More Tech Magic, if You Can Afford It - msabalau
http://www.nytimes.com/2013/05/05/technology/google-glass-offers-more-tech-magic-if-you-can-afford-it.html?ref=technology&_r=0

======
msabalau
What's striking to me is the extent to which the past decade's innovations (ad
supported web services, carrier subsidized smartphones) have shifted people's
perceptions of a reasonable price for technology. Especially for early
adopters, who canonically paid more, and got less, and did so willingly play
around with an unevenly distributed bit of the future.

For example, the Apple 1 motherboard (to which one needed to add both effort
and other parts) costed a diabolical $666.66 in 1976, at a time when the US
median income was $11,308. According to a friendly internet inflation
calculator, that's $2727.25 in current dollars.

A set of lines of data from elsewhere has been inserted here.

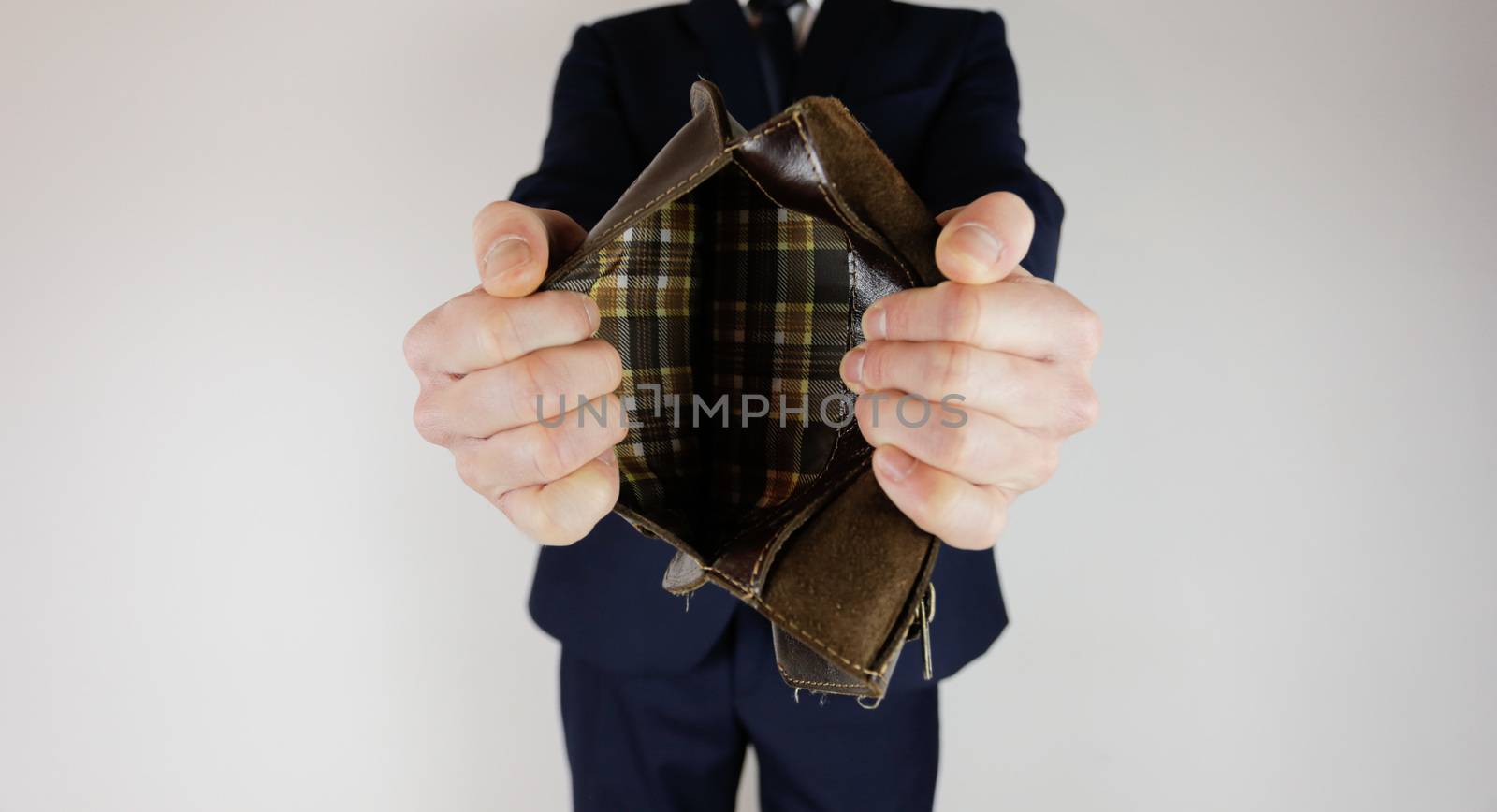 A man in a business suit holds in his hands an empty wallet without money. Financial crisis. Bankruptcy in business. The employer is disappointed.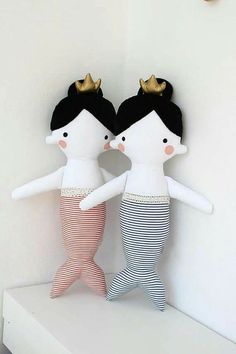 two dolls are standing next to each other on a white shelf in front of a clock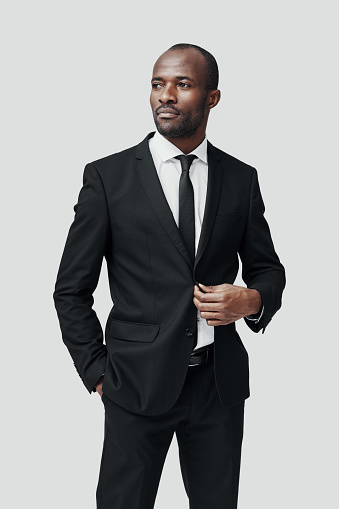 Stylish young African man in formalwear looking away and adjusting jacket while standing against grey background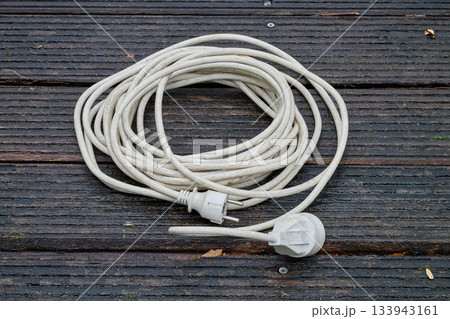 extension cord on wooden slats 133943161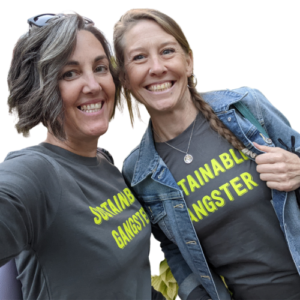 Andy and bestie / Shambala Resident Carol Lacey in tshirts that say "Sustainable Gangster"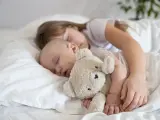 Dzieci śpią wtulone w misia. Starsza siostra czuwa nad maluszkiem, pokazując, ile śpi dwulatek i jak ważny jest sen dla rozwoju.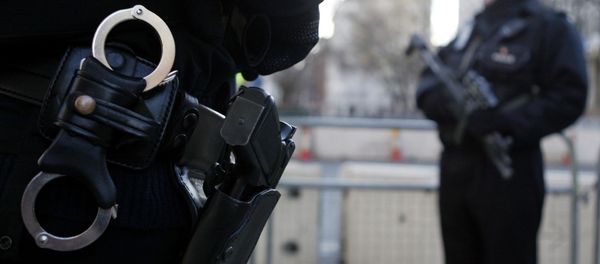 Armed policemen stand guard in Grosvenor Square in London. File photo Armed policemen stand guard in Grosvenor Square in London. File photo - Sputnik International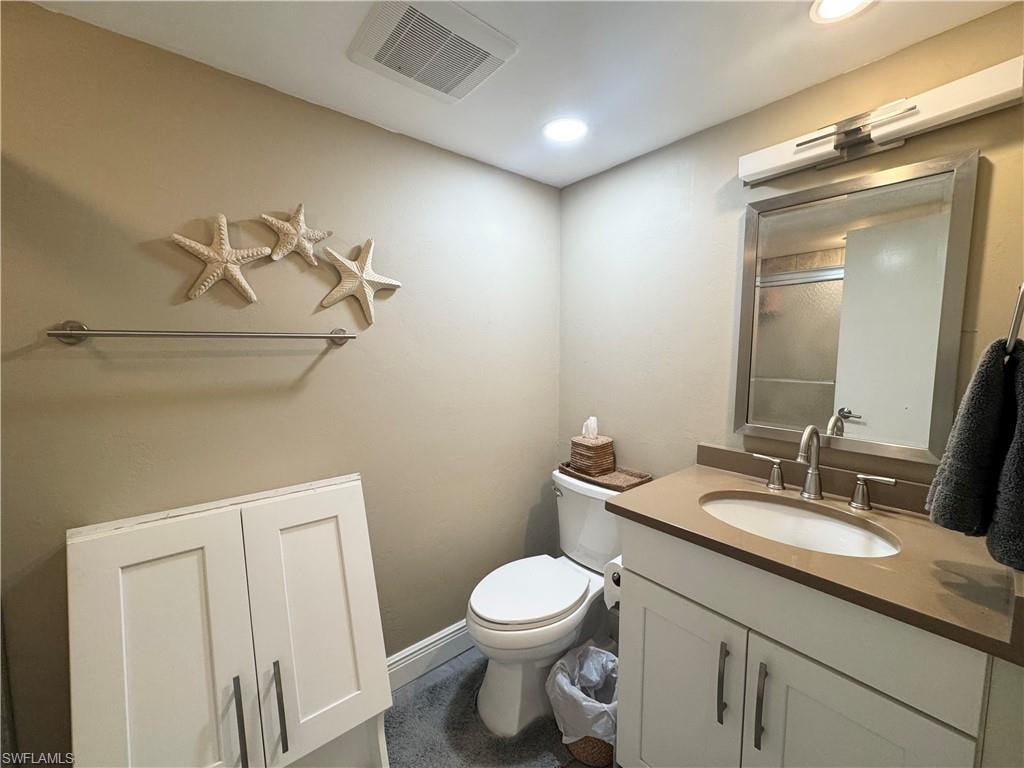 Full bath featuring vanity, a shower with door, and recessed lighting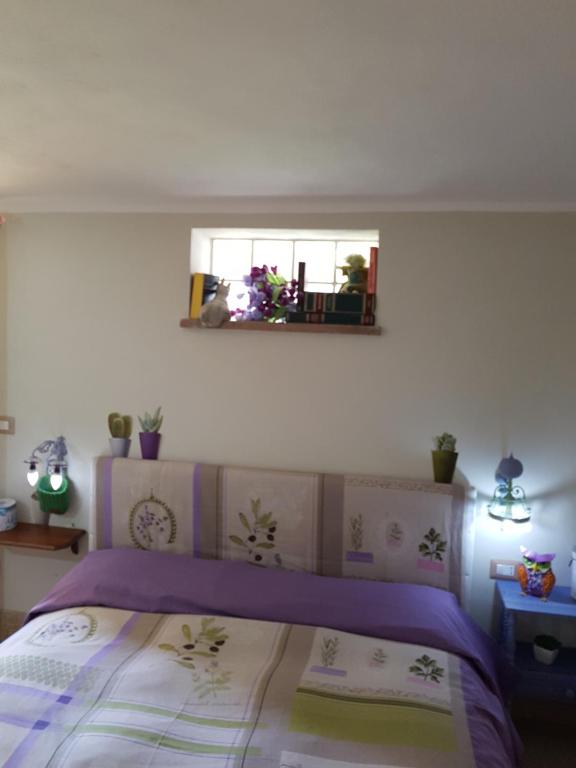 Postel nebo postele na pokoji v ubytování casa di campagna dal pozzo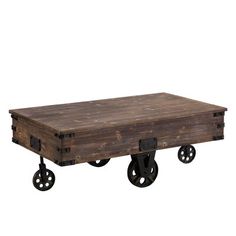 an old wooden table with wheels on the bottom and one end that is turned into a coffee table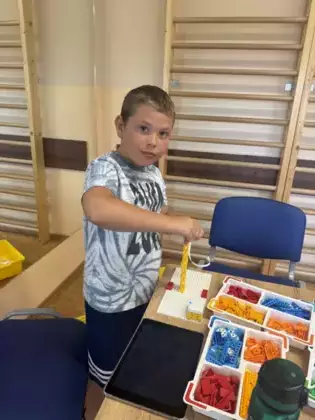 Chłopczyk składa klocki Lego.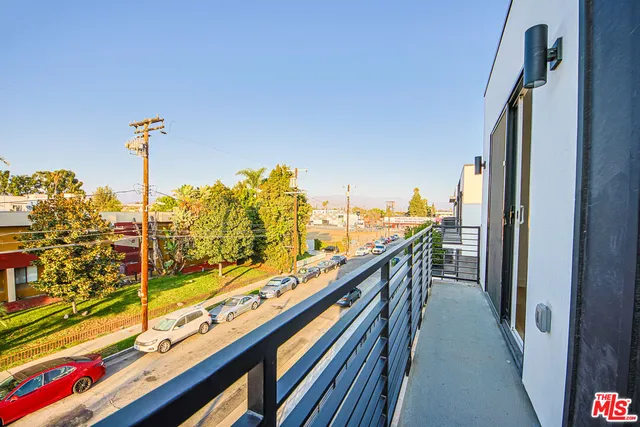 a kitchen with stainless steel appliances granite countertop a sink and a refrigerator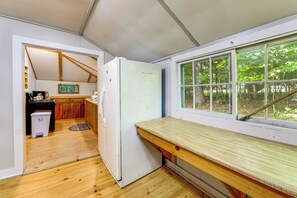 Une cuisine de taille réduite, dotée de meubles en bois, d’un réfrigérateur blanc et d’une fenêtre donnant sur une forêt.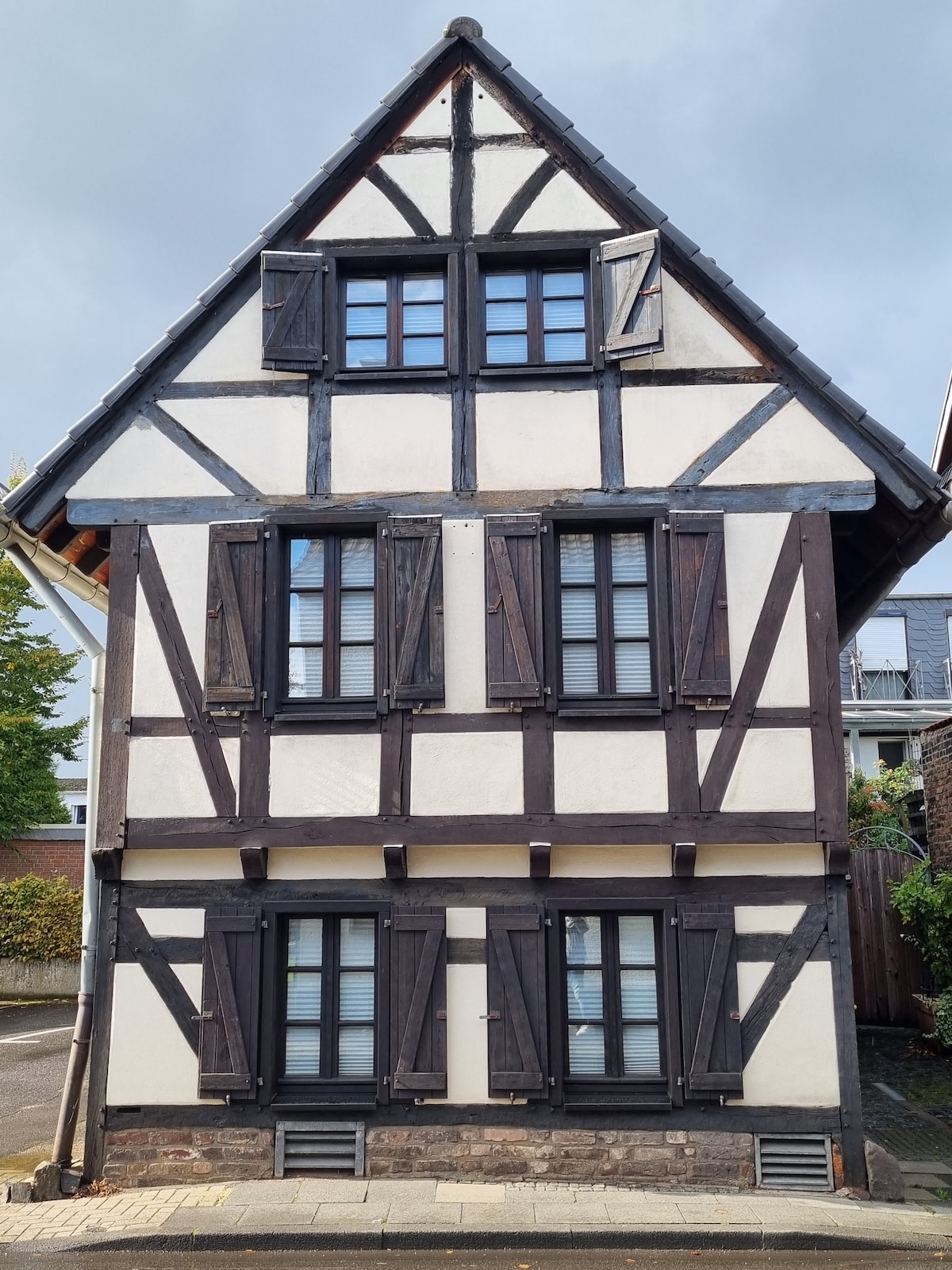The house showcases traditional half-timbered architecture with a white plaster exterior contrasted by dark wooden beams. The facade is characterized by multiple windows, each framed with shutters. The gabled roof adds to its historic charm.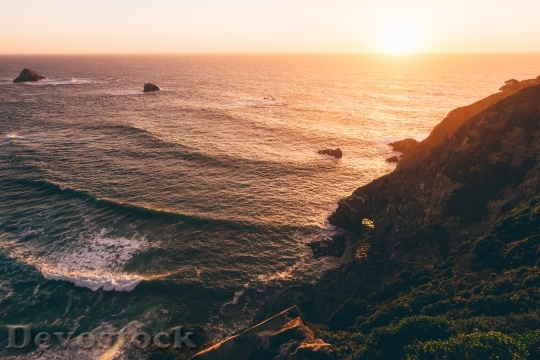 Devostock Sunset Ocean Waves Cliff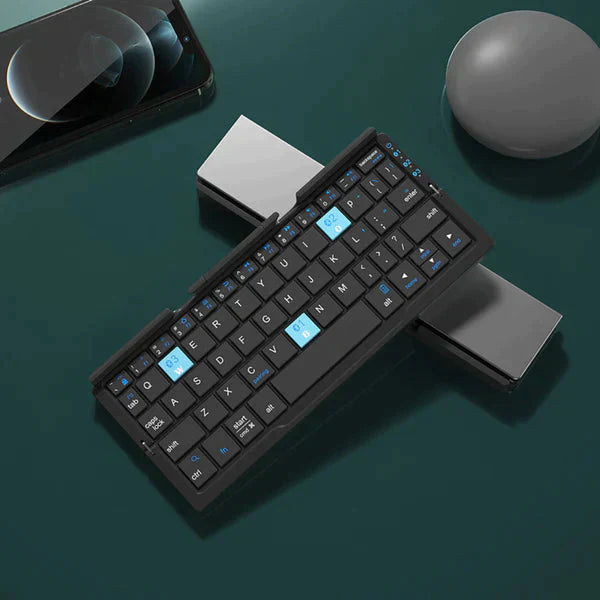 Slimmat trådlöst Bluetooth-tangentbord, svart design för mobila enheter & surfplattor, resvänligt för produktivitet.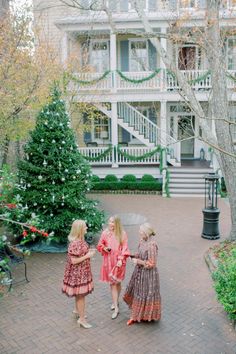 three women in dresses walking down a brick walkway near christmas trees and a large white house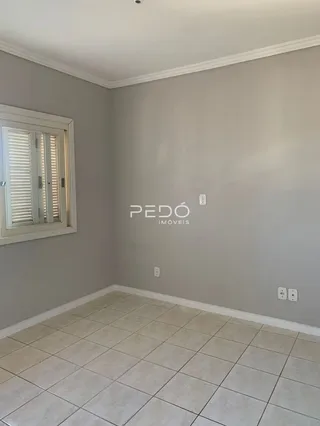 Ambiente interno de uma sala com piso de cerâmica clara.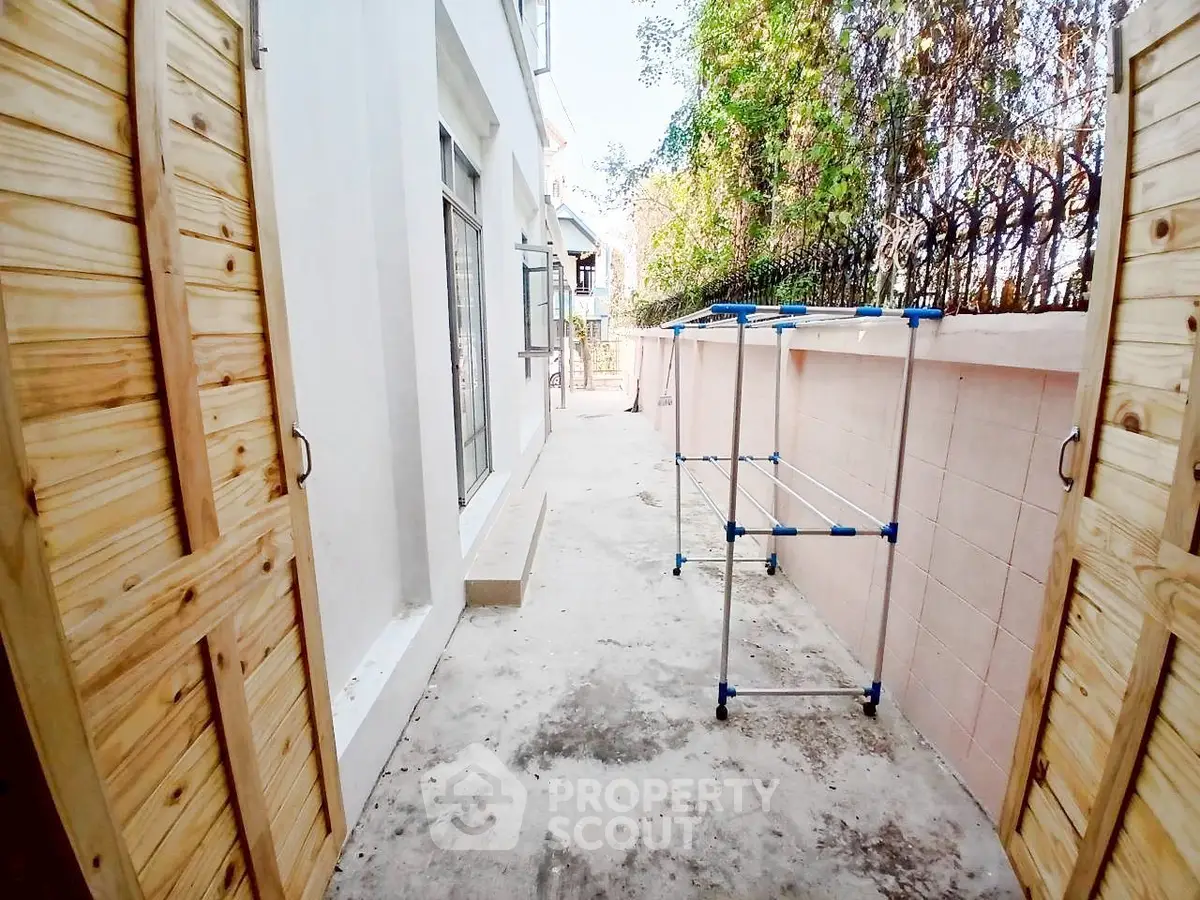 Spacious outdoor area with laundry drying rack and wooden doors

Flash forward to the 80s, and one of the early important popular personal
computers debuted for $595 in 1982, or $1435 in current dollars, roughly the
price of the Glass prototype today. If you pre ordered it before launch,
they'd throw in a cassette drive, so that you would have a place to store
programs, as opposed to having to type them in. This was a $70 value.

Thanks to Moore's Law and mass market adoption the price of these innovations,
as with so many others came down in price, and afforded more a more
capabilities to a broader and broader audiences. This was true for almost all
personal technology that succeeded from the 70s through the 90s, and is true
for many technologies today--such as 3D printing.

It is however strikingly not true for a lot of the web based services that
people call to mind when they think of innovation today--it was free to join
Twitter, say, and as an early adopter you didn't own something with less
features than later adopters--instead you potentially had a first mover
advantage, the ability to achieving a critical mass of followers in a way that
latecomers might find harder. You paid in attention, a pretty cheap coin,
which nevertheless does little to stop the whining when a service disappears
after an acquihire.

What's remarkable to someone who isn't in their 20s is that anyone would,
well, remark on the fact that cutting edge technology that is actually built
and manufactured in the real world would follow this path.

If wearables do become an important tech trend, and unless they rapidly follow
the very unusual path that smartphones took (arguably the most rapidly adopted
technology in human history), pricing could be very different from what people
have come to associate with innovation.